Aa-ps

It may have been the last thing anyone expected, or even wanted, out of an evening of charity tennis, but the Hit for Haiti got suspiciously interesting last night. Leave it to the loudest and baldest of its participants, Andre Agassi, to make it happen, by taking the whole event one step farther than necessary.

This, as you know if you’ve read this column before, is a reference to my go-to quote about all things having to do with Andre. It came, as a lot of tennis-oriented quotes do, from Martin Amis, and it went something like, “What we love about Agassi is that he always goes too far, whichever direction it is.”

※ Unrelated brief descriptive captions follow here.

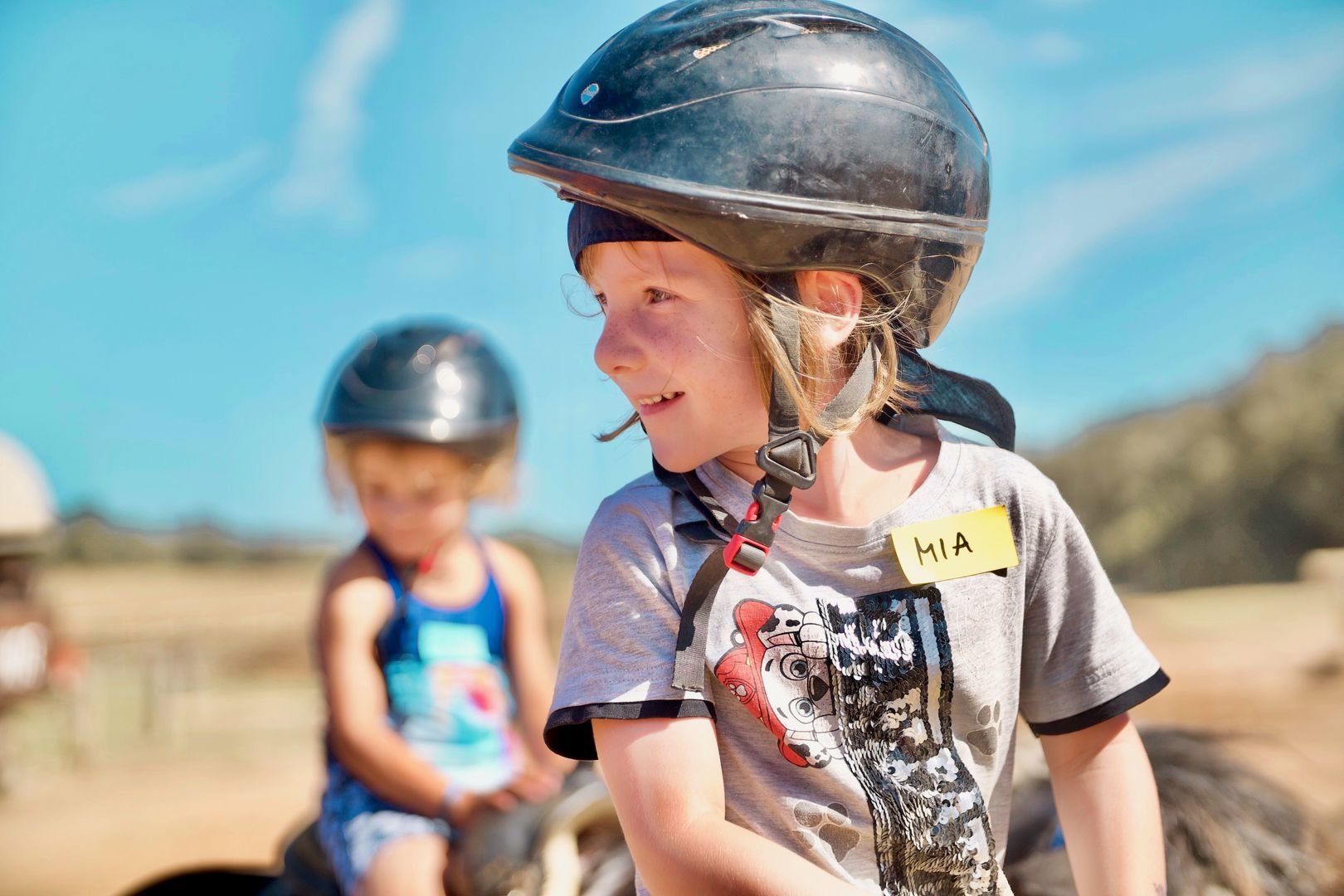 Zufriedene Kinder während Piratentour in Petra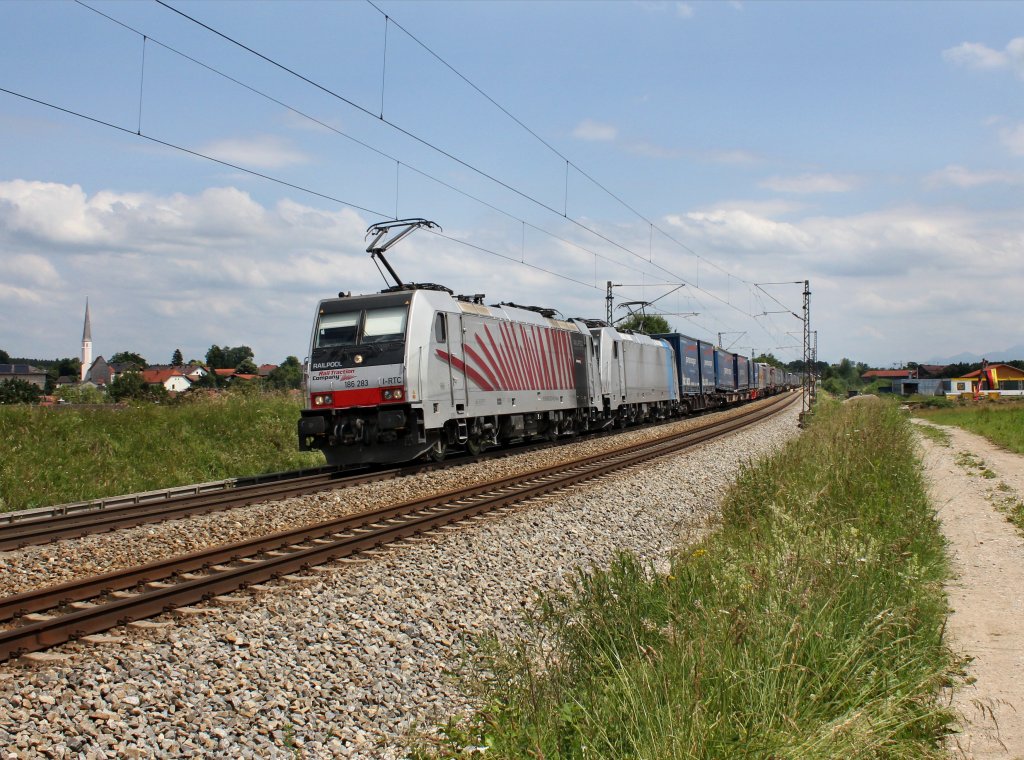Die 186 283 und die 186 287 mit einem KLV-Zug am 23.06.2012 unterwegs bei Osterm�nchen.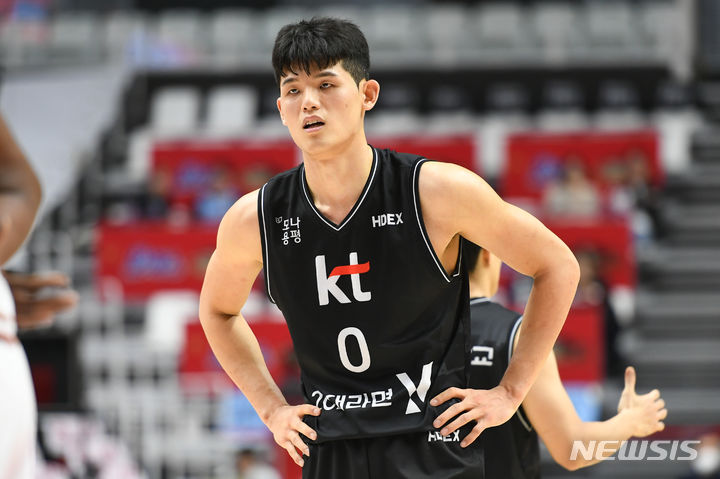 [서울=뉴시스]프로농구 수원 KT 하윤기 (사진 = KBL 제공)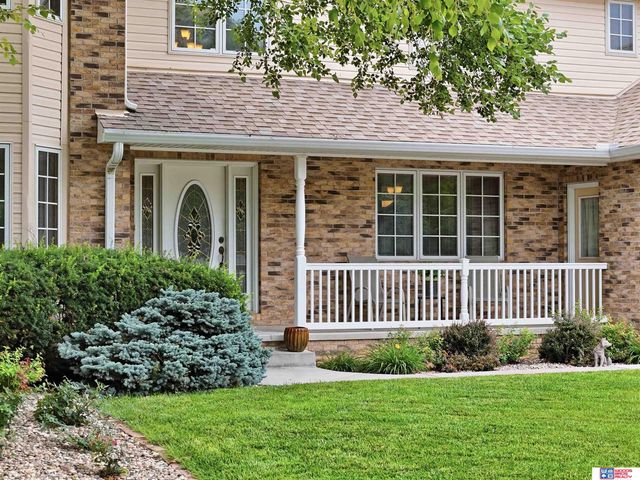 1930 Davenport Drive, Lincoln, NE 68512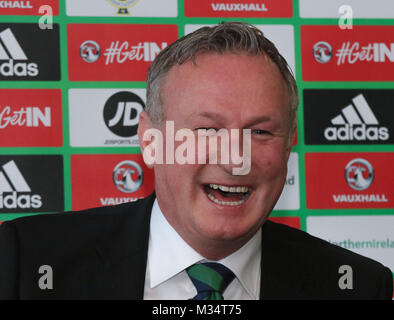 Belfast, Royaume-Uni. Feb 9, 2018. Stade national de football à Windsor Park, Belfast, Irlande du Nord. 09 février 2018. L'Association de football irlandais a annoncé officiellement aujourd'hui que l'Irlande du manager Michael O'Neill avait signé une prolongation de contrat de quatre ans. O'Neill avait été engagée pour 2020 mais le nouveau contrat, le plus long et le plus lucratif contrat dans l'association, l'histoire tourne à 2024 et vient semaines après O'Neill avait rencontré la Scottish Football Association et refusé une chance de réussir en tant que gestionnaire Gordon Strachan de l'Ecosse. Crédit : David Hunter/Alamy Live News Banque D'Images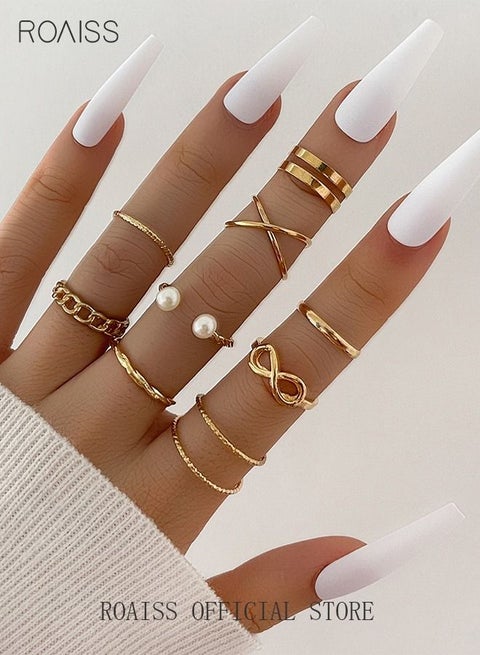 9 PCS Multi-size Elegant Fashion Rings Set Simple Rhinestones Pearl Finger Jewelry for Women Girls Gold Geometric Hollow Combination Joint Ring Set Simple Daily Casual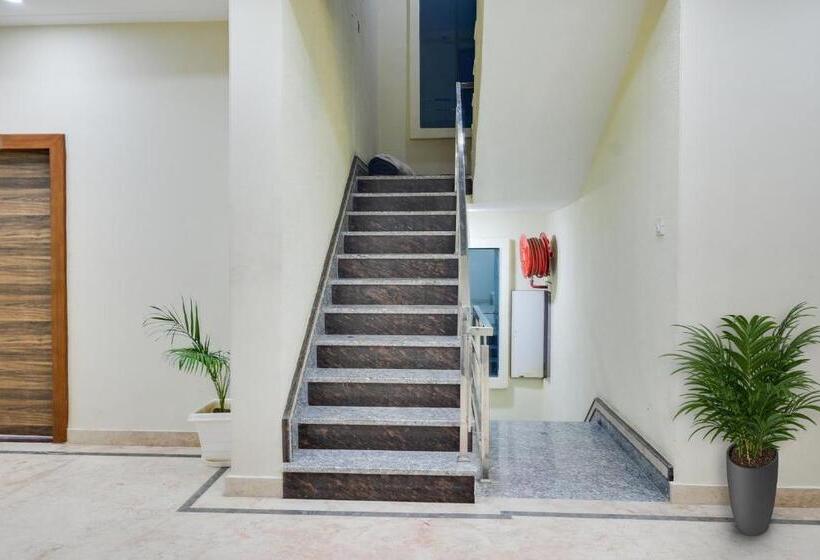 Super Townhouse Oak Hotel Ar Ganges Premium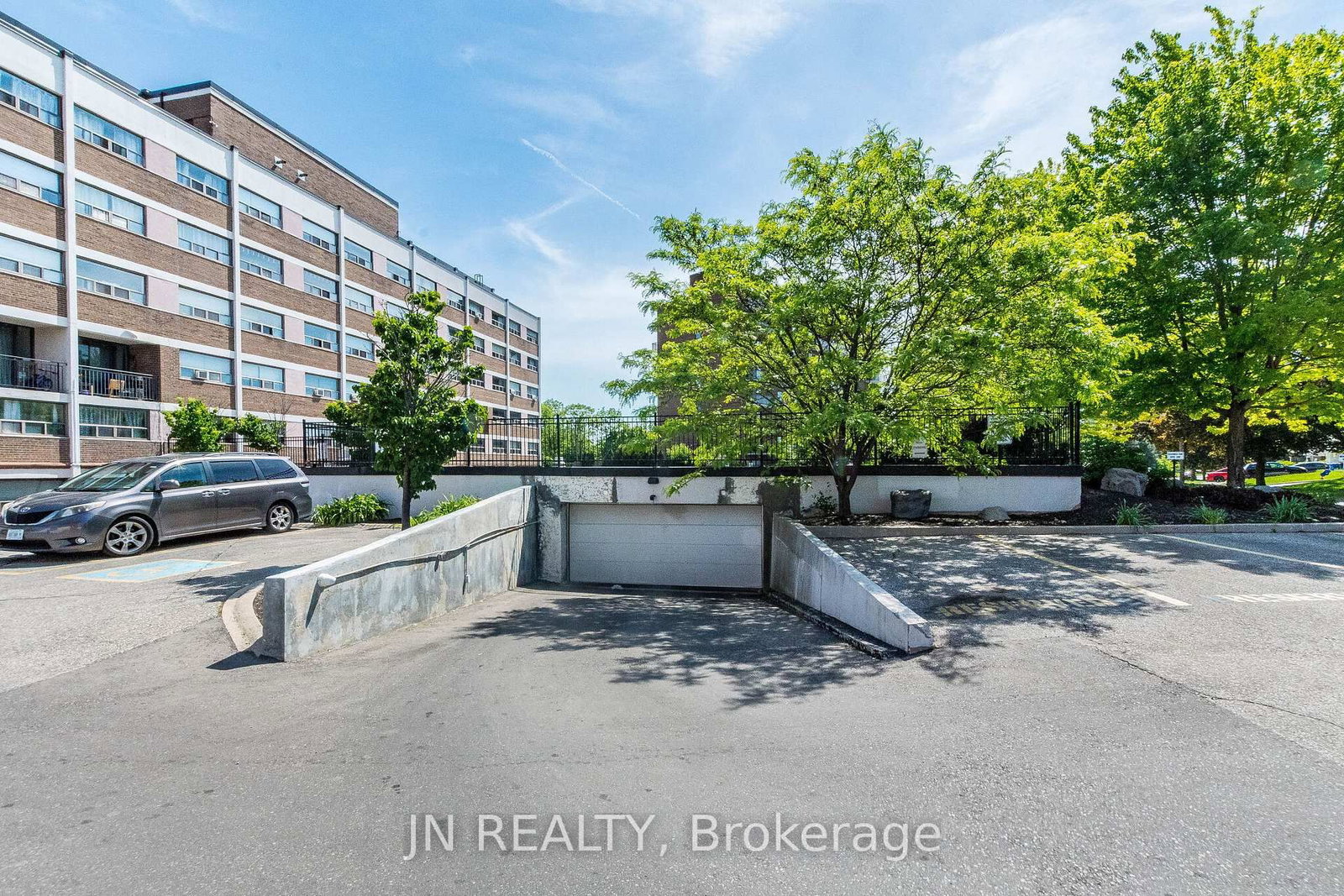 188 Mill Street S • #409 • Brampton, ON photo 37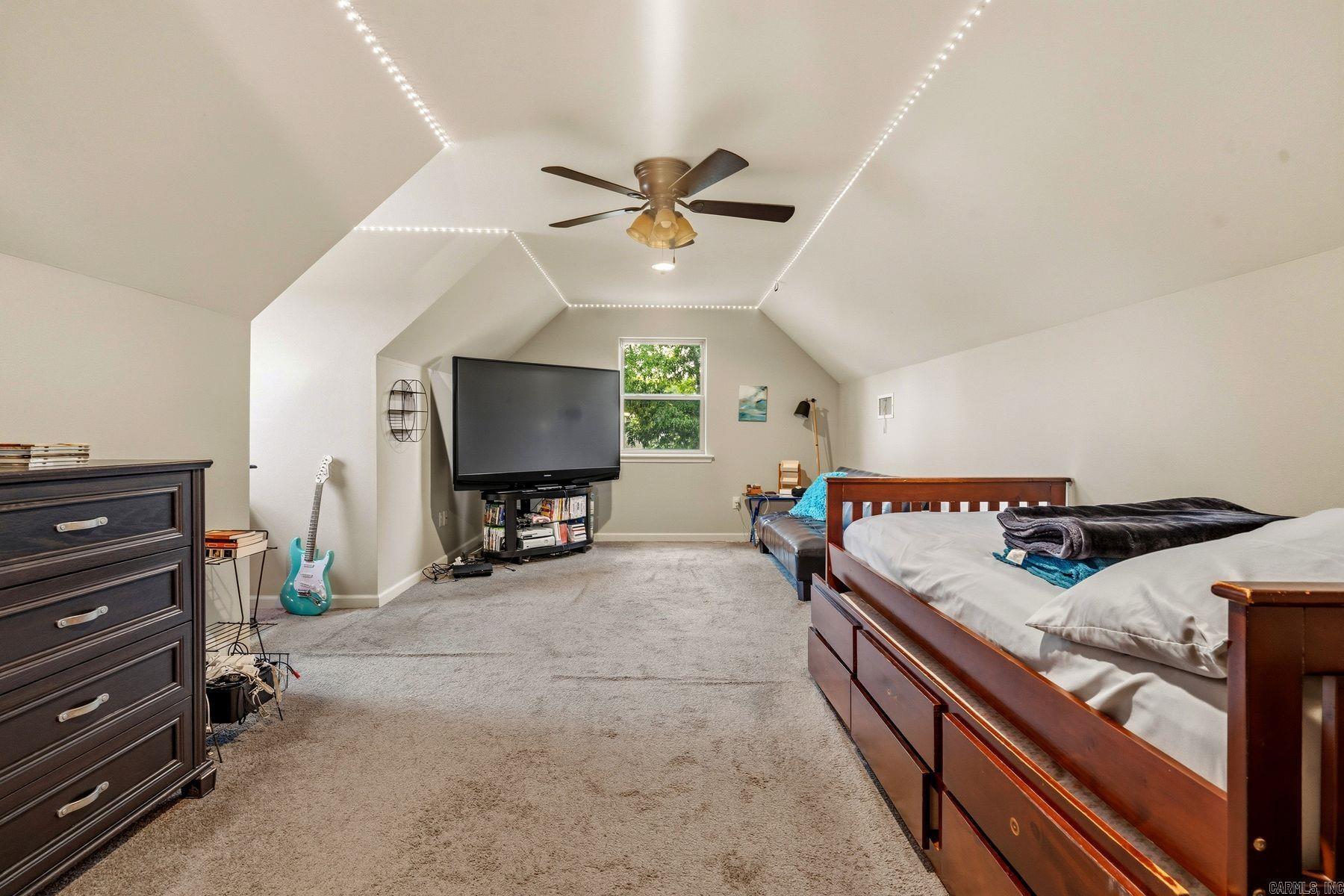 113 Winter Oak Place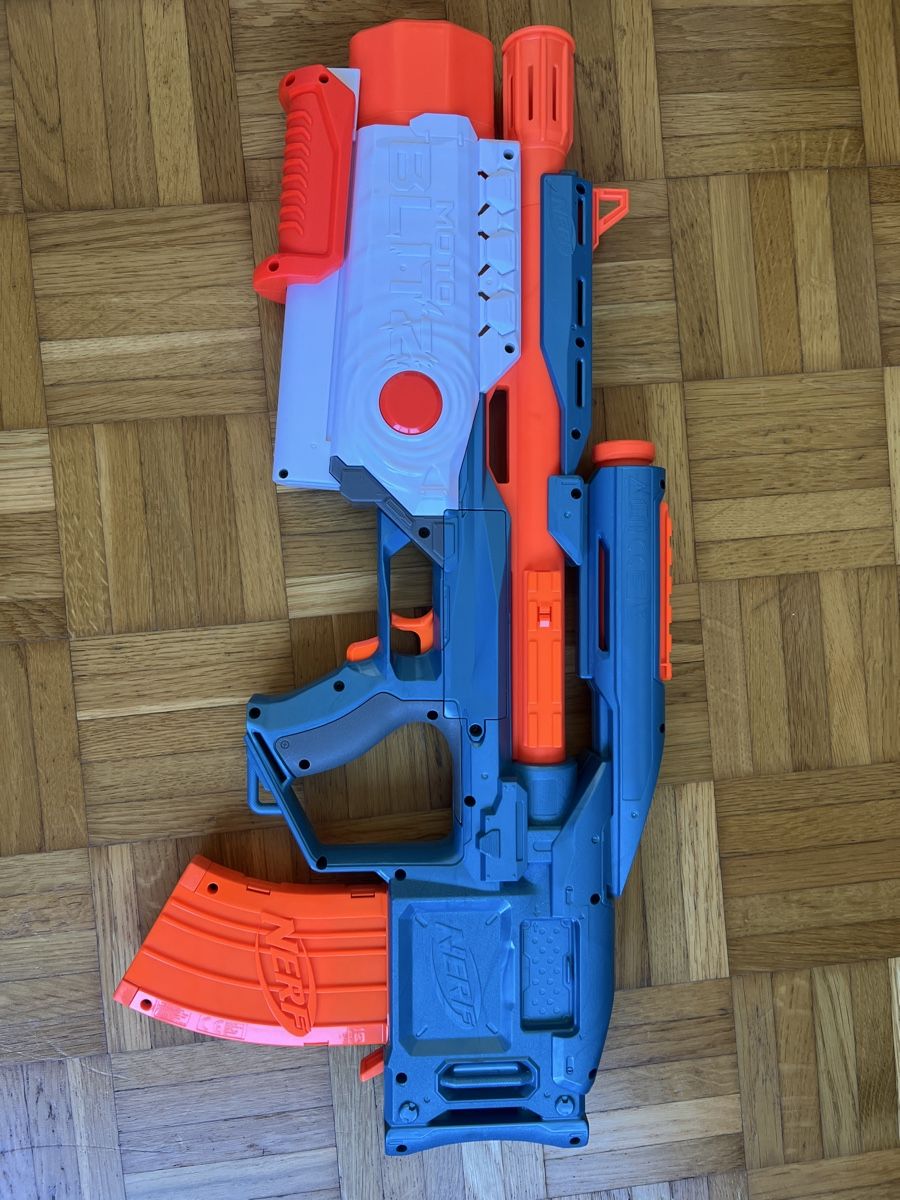 Nerf Spielzeuge: 2 Nerf Gewehre mit Munition gebrauchter Zustand – Gebraucht aus Zürich von RikChonSu 2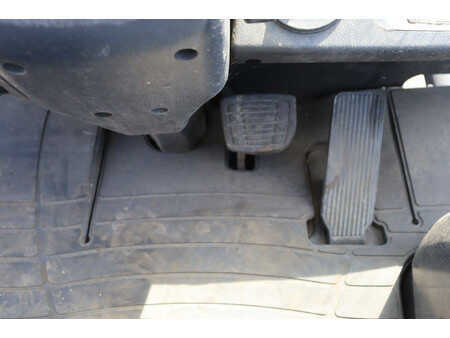 Eléctrica de 4 ruedas 2011  Doosan B15T-5 (21)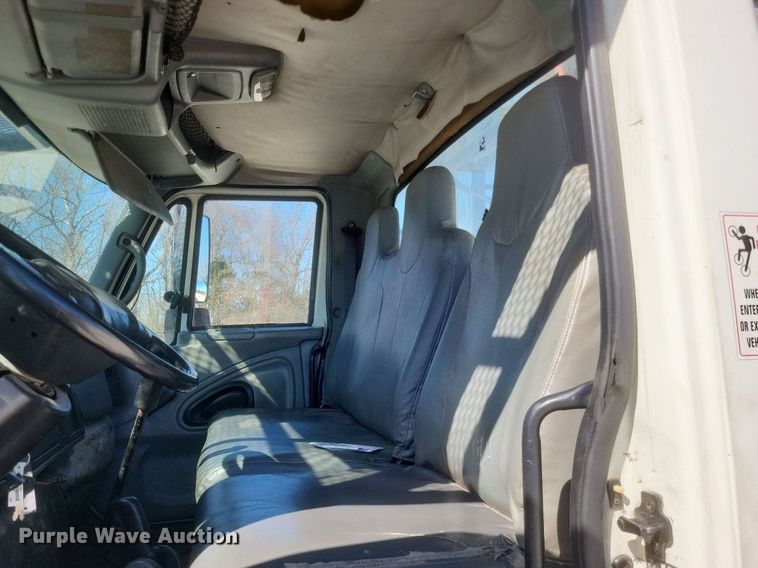 image for item DO4851 2005 International 4300 forestry bucket truck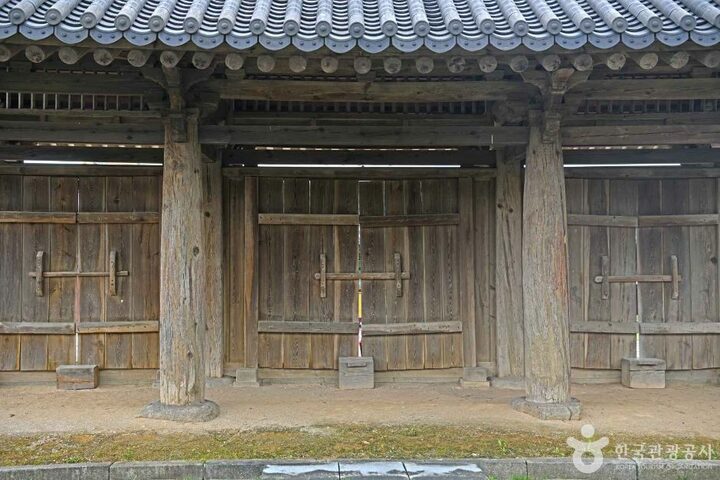 강릉 임영관 삼문 (7)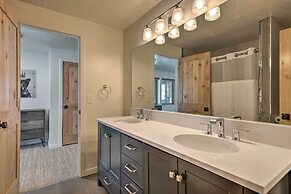 Luxe Mountain Cabin w/ Spa, 6 Mi to Park City!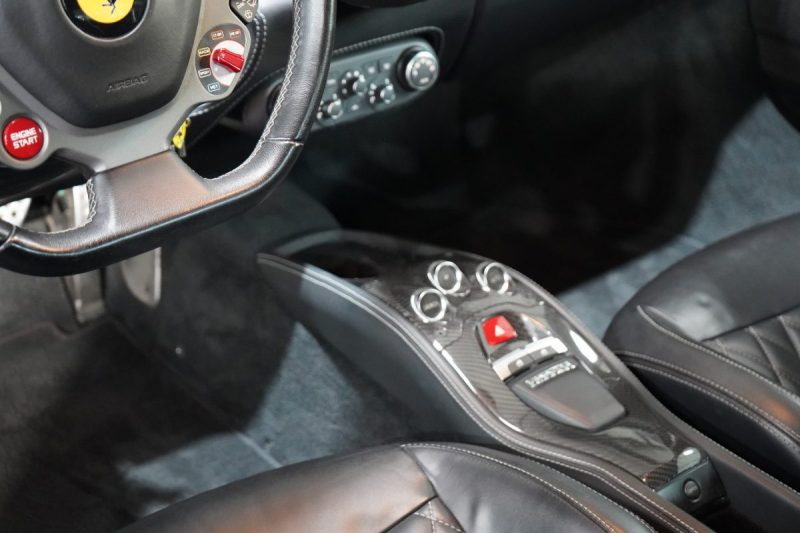 FERRARI F 458 ITALIA V8 570 FRANCAISE CARBONE/RIEN A PREVOIR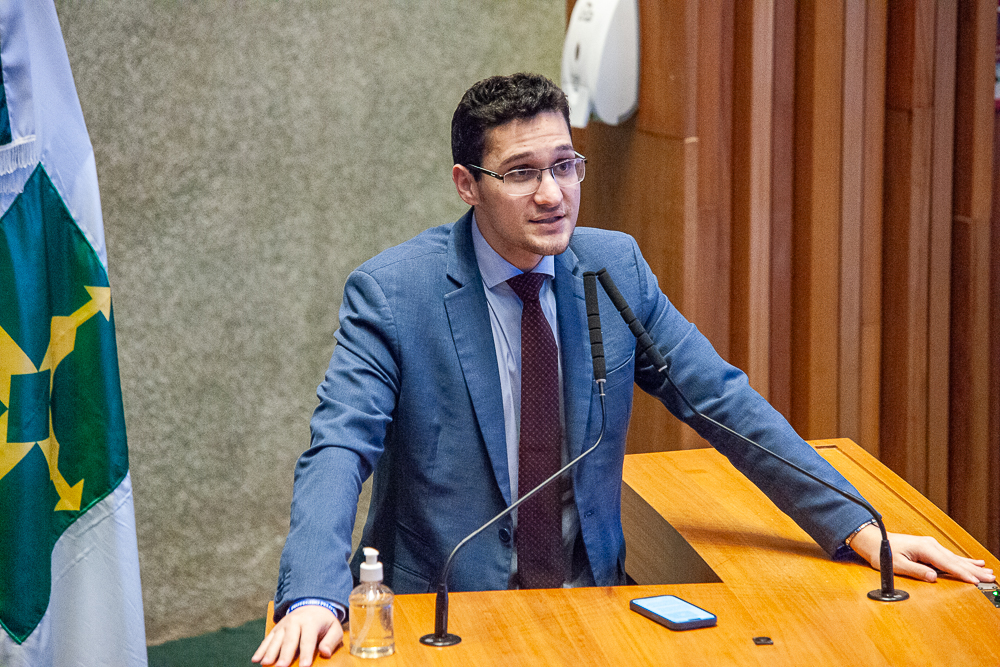 Joaquim Roriz Neto é reeleito deputado distrital no DF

Whether Andre took it too far Friday night will depend on the perspective—or prejudice, if you prefer—you bring to the match. Were you an Andre fan, or a Pete fan? What do you like in an athlete, energetic personality or quiet class? We can agree on one thing: Once they wire these guys up to a mike, at least one of them needs to talk, and that duty was always going to fall on Agassi. In his years with World Team Tennis and as an in-demand retiree, he has become an all-star of corporate, hit-and-giggle, exhibition tennis, right up there with professional entertainers like Yannick Noah and Mansour Bahrami.

But it’s not a talent that every, and even many, champion owns, and that goes double for Pete Sampras, who looked less-than-totally comfortable right from the beginning. It’s also true of Nadal, who is hardly effusive or even all that happy in English. Plus, there was a weird subtext that I didn’t remember until those three guys took their places on center court. Didn’t Nadal just rip Agassi, pretty seriously rip Agassi, for revealing his hushed-up positive drug test? And didn’t Pete recently punch back at Andre for calling him cheap and boring, all in the name of selling a book? And while we’re at it, didn’t Agassi just make the rounds of every media outlet imaginable and unimaginable, telling us in chastened tones about how much he hated tennis and how much he regretted half the things he’s done in his life?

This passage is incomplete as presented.